WHAT IS BEING ASKED. Exactly as written, please repeat the data that follows, but not the pictures.

(Source records)
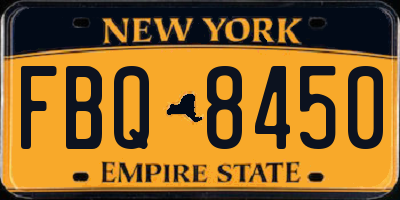 NY license plate FBQ8450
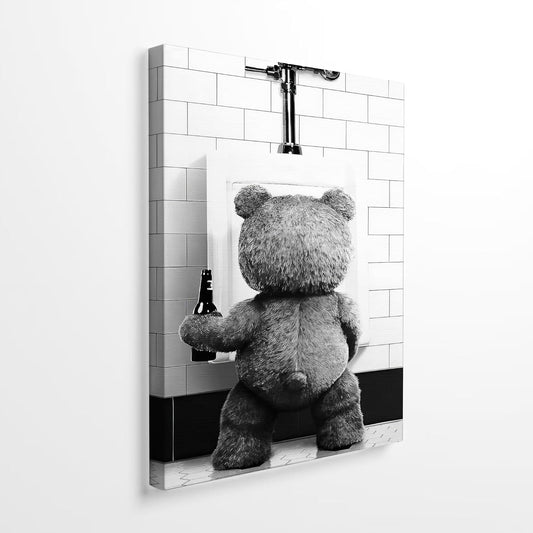 Creative Funny Bear Black and White Wall Art Canvas Painting 12x16 Inch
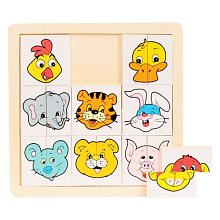 Dřevěné puzzle zvířecích hlaviček - 18 dílků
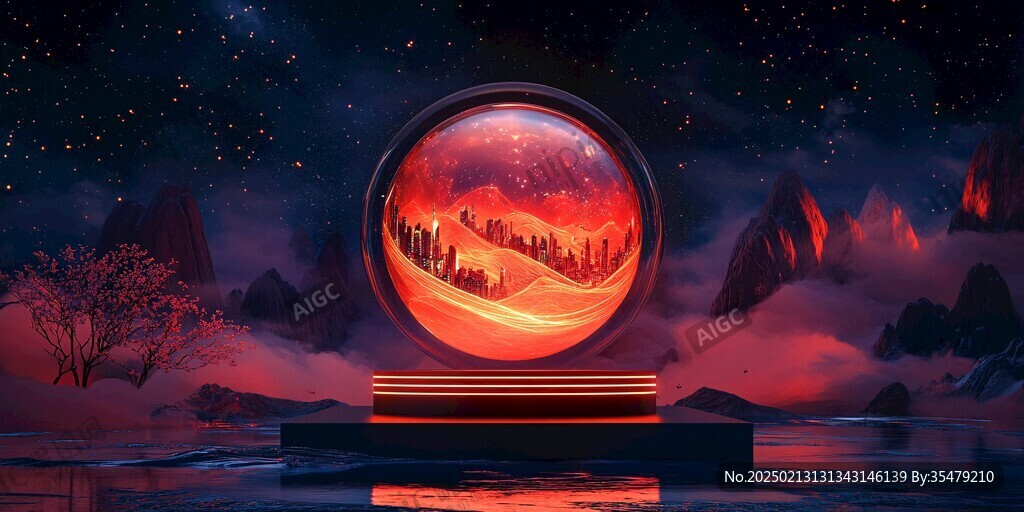 夜景水晶球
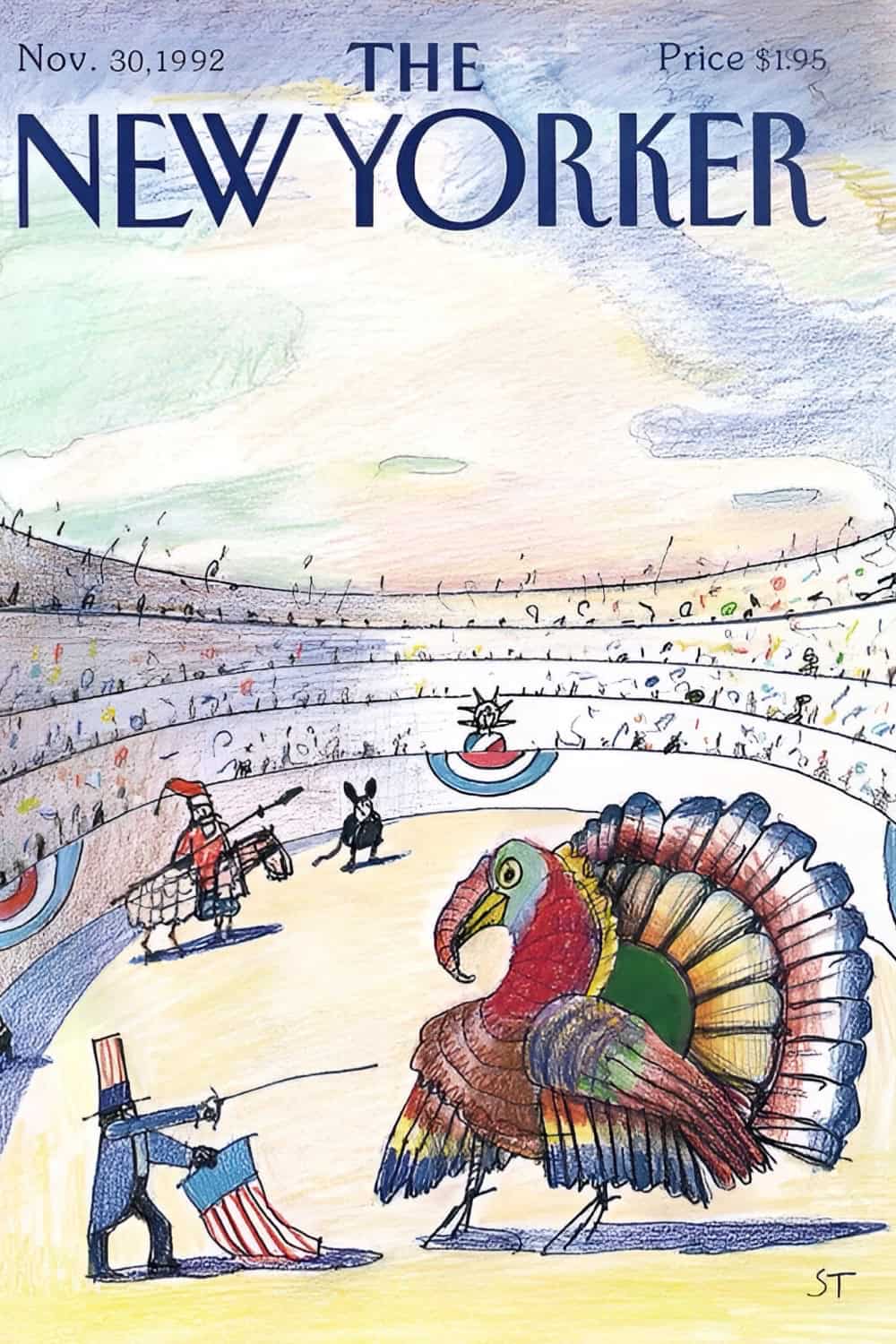 Thanksgiving covers new yorker magazine Nov. 30, 1992. Artist: Saul Steinberg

RESULT OF THIS EXERCISE.
 NY license plate FBQ8450
 Creative Funny Bear Black and White Wall Art Canvas Painting 12x16 Inch
 Dřevěné puzzle zvířecích hlaviček - 18 dílků
 夜景水晶球
 Thanksgiving covers new yorker magazine Nov. 30, 1992. Artist: Saul Steinberg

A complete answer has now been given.